Recent graduate Caitríona Byrne has just completed her BSc Mathematics and gives an insight into her experiences during her undergraduate degree…
What can I study?
It is really amazing how many different areas there are in mathematics that you never see or hear about in secondary school! The maths courses that I have done in UCD have covered a wide range of topics. The courses I did in the earlier years of my degree set the groundwork for later years. They built on the mathematical knowledge I had from the leaving cert, and expanded greatly on topics like calculus and linear algebra that I had learnt the basics of in secondary school. As I progressed through the degree, and my knowledge of maths expanded, I was able to study more challenging courses like Galois theory, Group theory, Combinatorics and Differential Geometry to name but a few. These were topics I knew nothing about before I began my mathematics degree. Of course, I also got to study some more well know mathematical topics such as Cryptography, Coding theory and Financial Mathematics.
How do I learn?
Maths modules are usually taught via a mixture of lectures and tutorials. At lectures, the main topics of the course are presented – we get to see the main theorems and ideas in the area as well as the proofs of many of the theorems. Lecturers often also explain how the topic at hand links to other topics that we studied in previous modules, or give examples of how the topic has applications elsewhere. In this way, due to their expertise in the area, the lecturer can guide us through the main ideas of the topic we are studying, so that students can learn much more quickly and with greater understanding than if we were to try to teach ourselves from a book.
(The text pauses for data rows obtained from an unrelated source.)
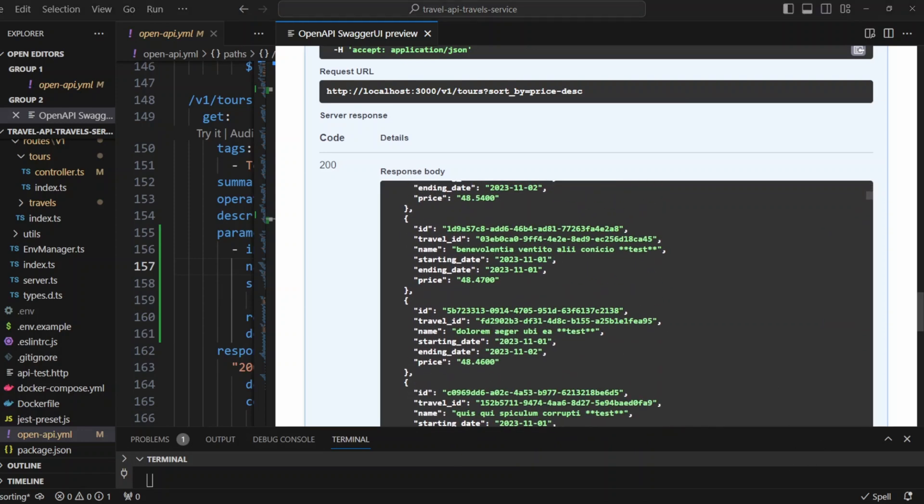And there you have it. We created code to sort results returned from the API list endpoints, v1 travels and v1 tours. I hope you liked the video. Thank you for watching. Until next time. Happy coding!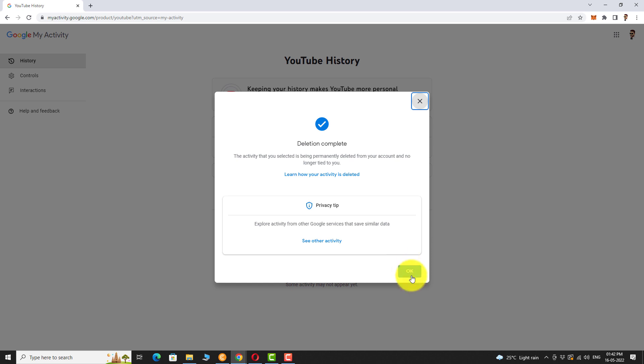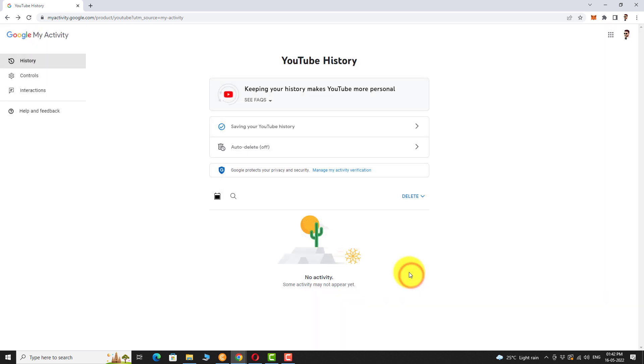This is how you can clear YouTube history. Thank you for watching.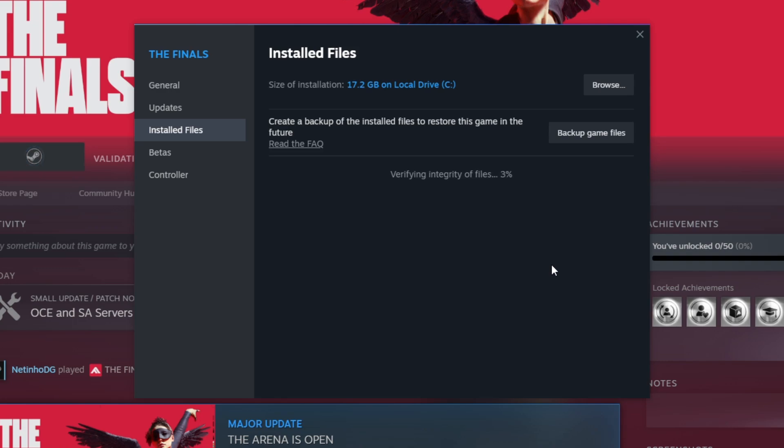So after the verify is finished, you will open The Finals and see if the error has been fixed.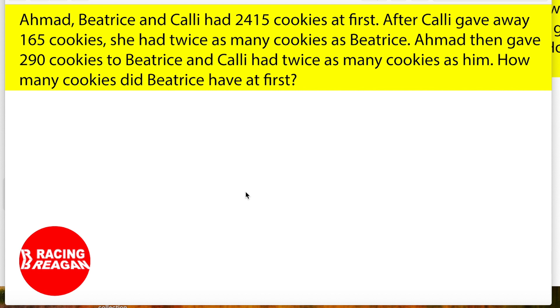So now I'm going to read you the question. Ahmad, Beatrice and Kelly had 2,415 cookies at first. After Kelly gave away 165 cookies, she had twice as many cookies as Beatrice.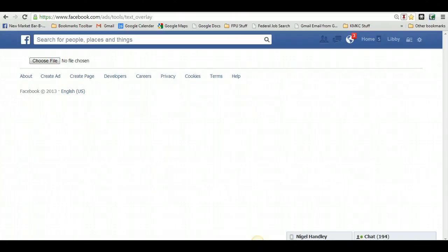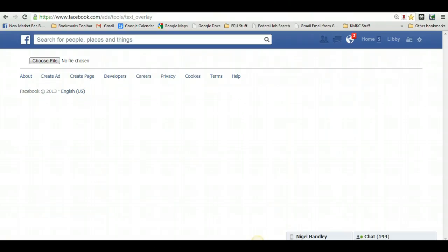Hey everybody, Libby Webb here. Do you run Facebook ads? I do in my business, and one of the problems I had early on was this whole limitation Facebook has around you cannot have more than 20% of your image with text in it.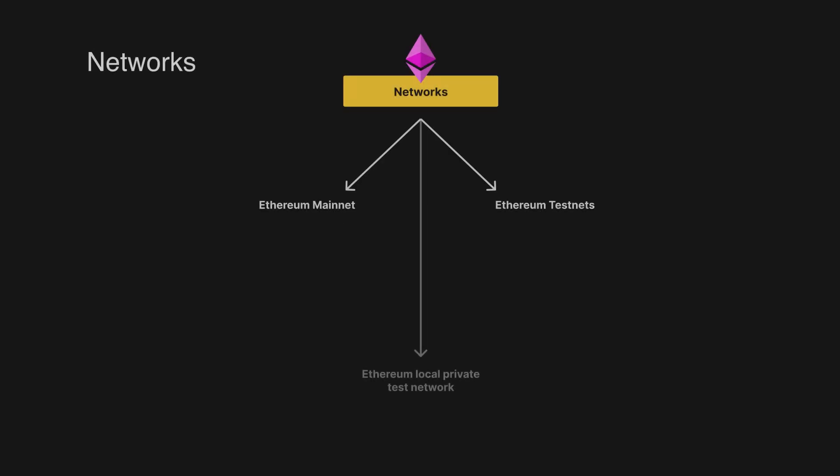Networks in Ethereum are different environments that you can access for development, testing, or production purposes. Ethereum accounts, like our address on our MetaMask wallet, can work across these networks, but account balance and transaction history do not transfer between the networks.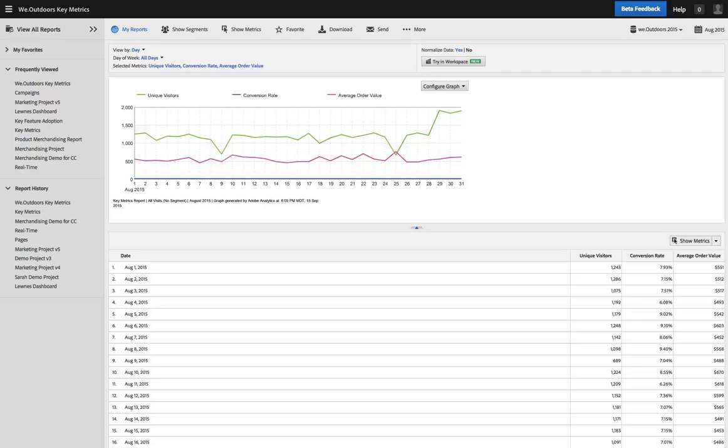And sometimes you're used to Reports and Analytics, you're used to your reports that you've been pulling for a long time, and you want to continue to work with those. So we've tried to make it very easy for you to transition from working in Reports and Analytics to trying those same things in Analysis Workspace.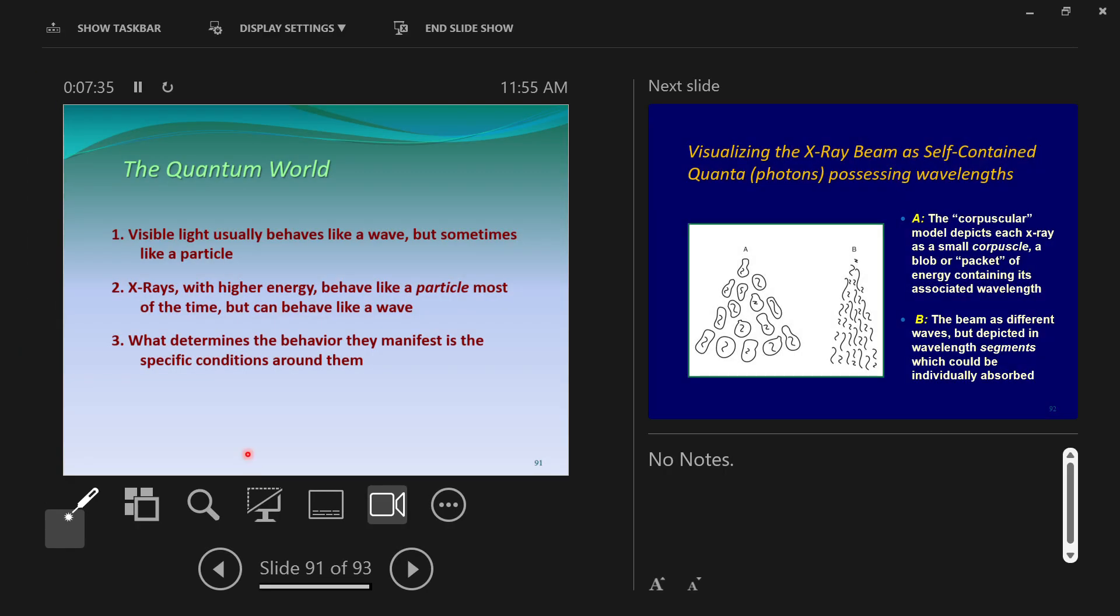And at this point, you have everything you need to understand the physics of radiation. So, I'm going to leave it here. I'm going to stop now.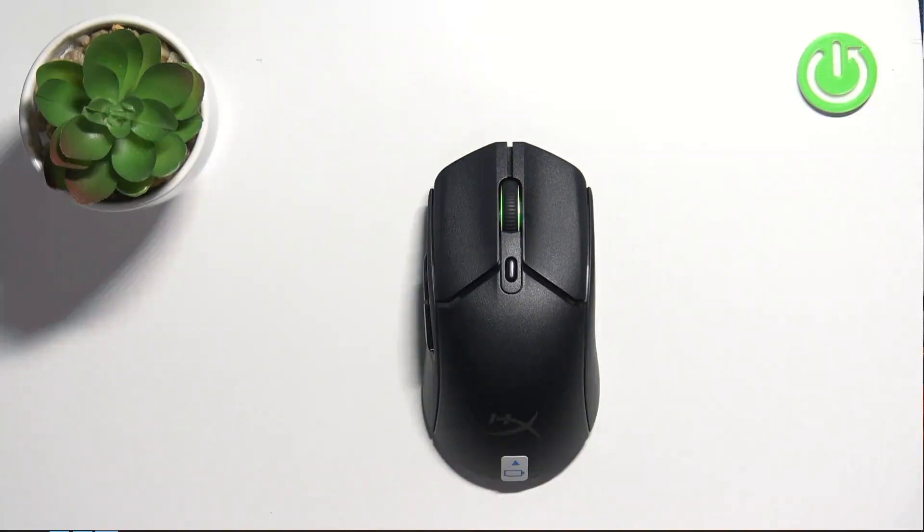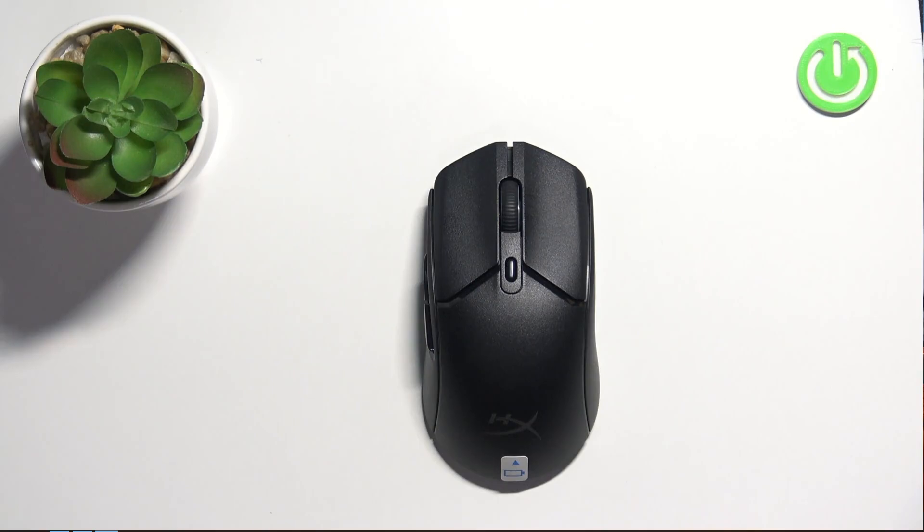Hello everyone, welcome back to Hard Reset Info channel. In today's video I want to show you how you can easily remove batteries from your HyperX Pulsefire AST2.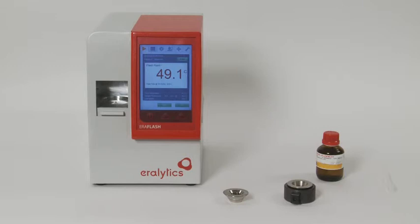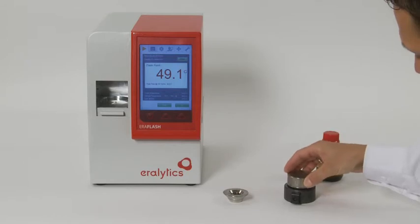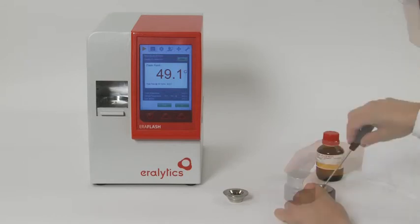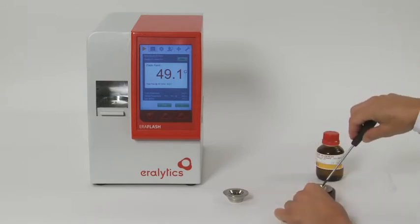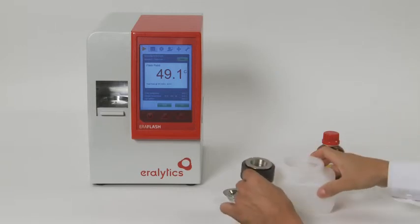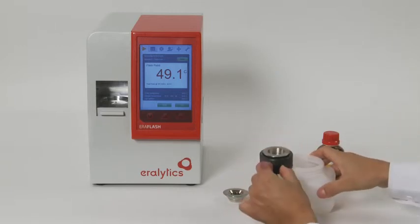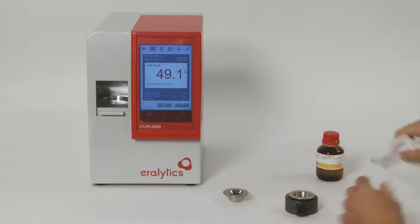Cleaning: After high temperature measurements, cool the sample cup with the optional cooling block. Take out the stirring magnet, empty the cup, and clean it with a tissue.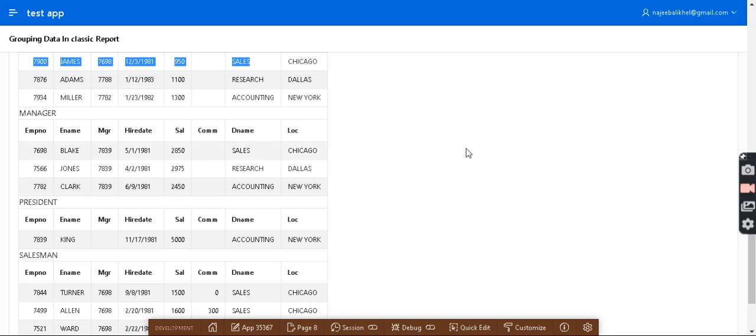So this is all about classic reports — how we can use grouping data in classic reports. Hope you enjoyed. Thank you so much.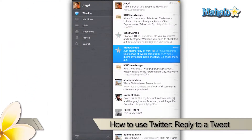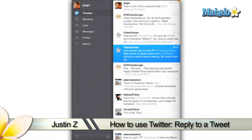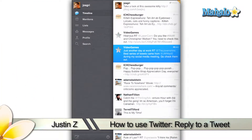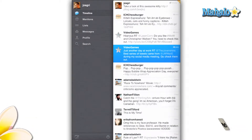Greetings App Enthusiasts. Justin Z here with a brief walkthrough of the Twitter app for the iPad. You can see more about this app at the website below.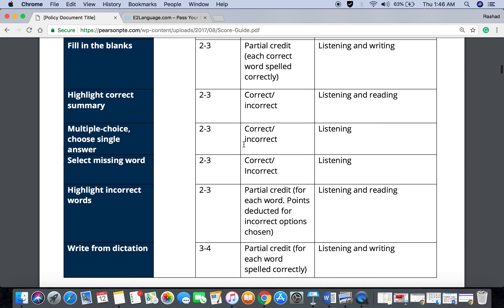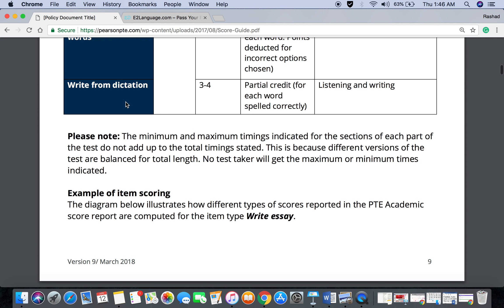Introducing PTE. In the first video, you can see Write from Dictation. Speaking and writing here. In video number two, this is repeat sentence.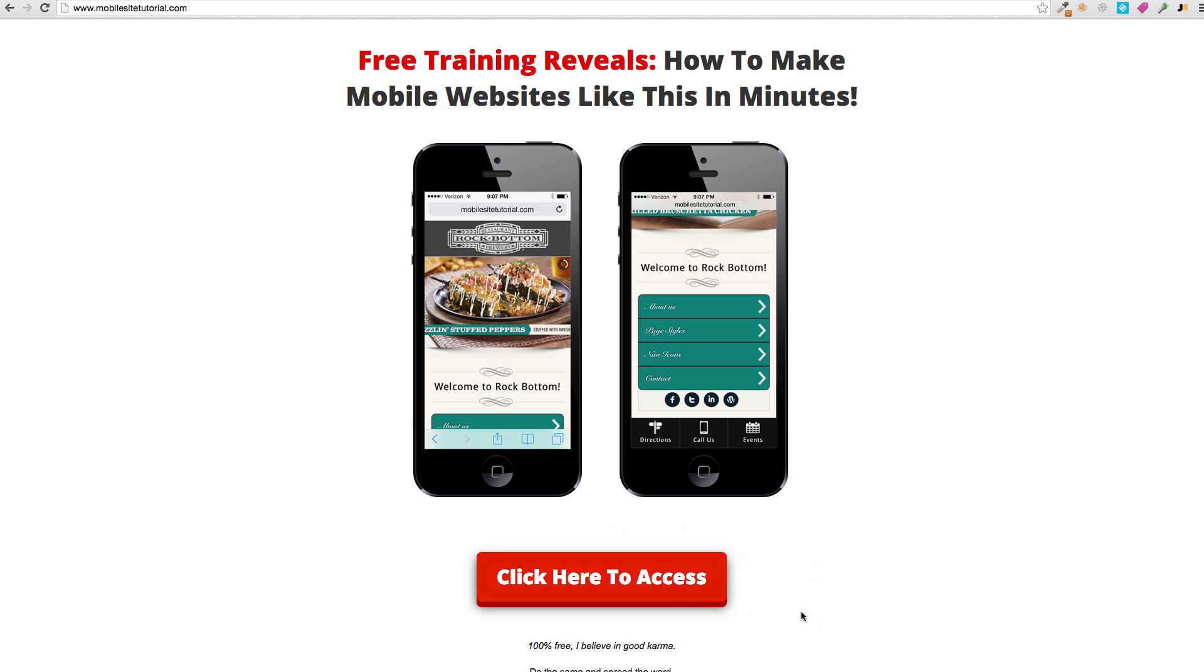My free training walks you through that, absolutely no catch. You don't even have to opt in to get this. You literally just go and log into the membership site and check it out. So yeah, pretty awesome.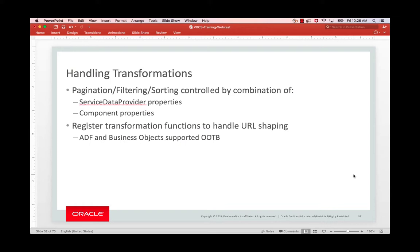If one service provider, say Twitter, takes a certain URL format to filter a list of tweets, and another one, like your accounts, takes a different URL format,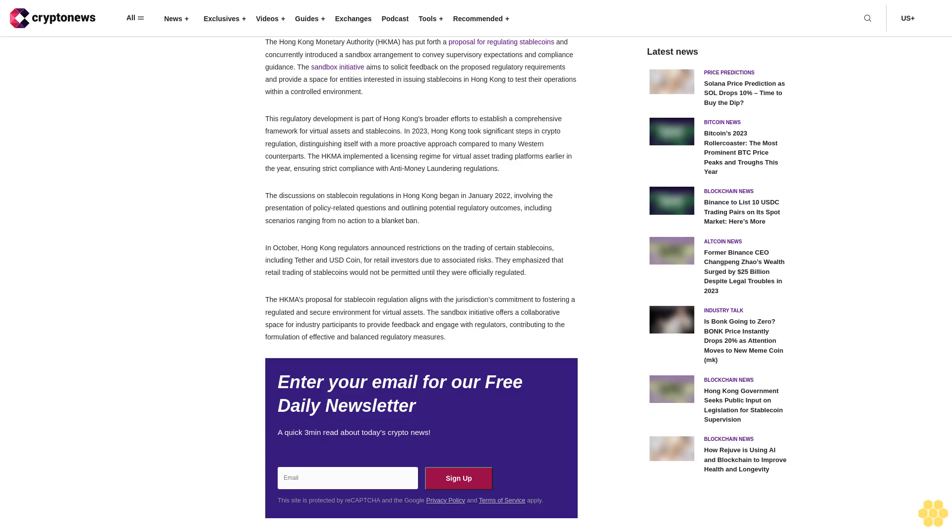In 2023, Hong Kong took significant steps in crypto regulation, distinguishing itself with a more proactive approach compared to many Western counterparts. The HKMA implemented a licensing regime for virtual asset trading platforms earlier in the year, ensuring strict compliance with anti-money laundering regulations. The discussions on stablecoin regulations in Hong Kong began in January 2022, involving policy-related questions and outlining potential regulatory outcomes, including scenarios ranging from no action to a blanket ban.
At tutorials we are usually given an exercise sheet with questions that were relevant to the content taught in the recent lectures. The tutorial is spent going through the exercises. The best way to learn maths is to try to solve problems, so tutorials (and spending time working on the tutorial sheet before and after) are very important. The questions are often challenging, and I certainly spent many a night trying to solve one question or other – let us just say that maths students need to have a well-sized paper recycling bin in their room! I found university maths a lot more interesting and stimulating than maths in secondary school. There, you work on short questions – and lots of them – in order to be comfortable with different skills. However, at university since the questions can be quite difficult, I found it so much more interesting (and fun) to spend a good bit of time on one question to try to work it out.
What skills will I learn?
In mathematics at third level, I really enjoyed the emphasis on logic and understanding. We saw so many theorems with proofs, and a huge amount of time is spent on proofs. By carefully going through the proofs we were shown during lectures, slowly but surely I improved at being able to construct proofs by myself. When I was in secondary school, theorems and proofs were considered a dull but necessary part of mathematics that just needed to be learnt off (much like a learning your scales on a musical instrument). However, in college you learn how to prove theorems. Learning to prove or disprove mathematical statements forms a large part of any mathematics degree. For instance, for the majority of my exams in final year, I didn’t need to use a calculator at all! A typical exam question would be a mathematical statement which you need to prove (or disprove). This is certainly one of the main mathematical skills that I feel that I have come out of my degree with: knowing how to go about trying to prove (or disprove) mathematical statements. In a more general setting, this training enables maths graduates to be highly analytical and excellent problem solvers – skills that are prized in the workplace.
What if I get stuck?
Every maths student runs into problems that they find difficult or confusing – at least I know that I often did! There is a lot of support for mathematics students in UCD. There is a maths support centre where you can drop in and ask questions. Also, lecturers are really helpful. For instance, when I get really stuck on something, I can ask the lecturer about it at the end of the lecture or send them an email. I have found the lecturers to be really helpful and keen to make sure that I understand their answer. They really want you to understand their courses and they are willing to take the time to explain the answer to your question to you- which is really great!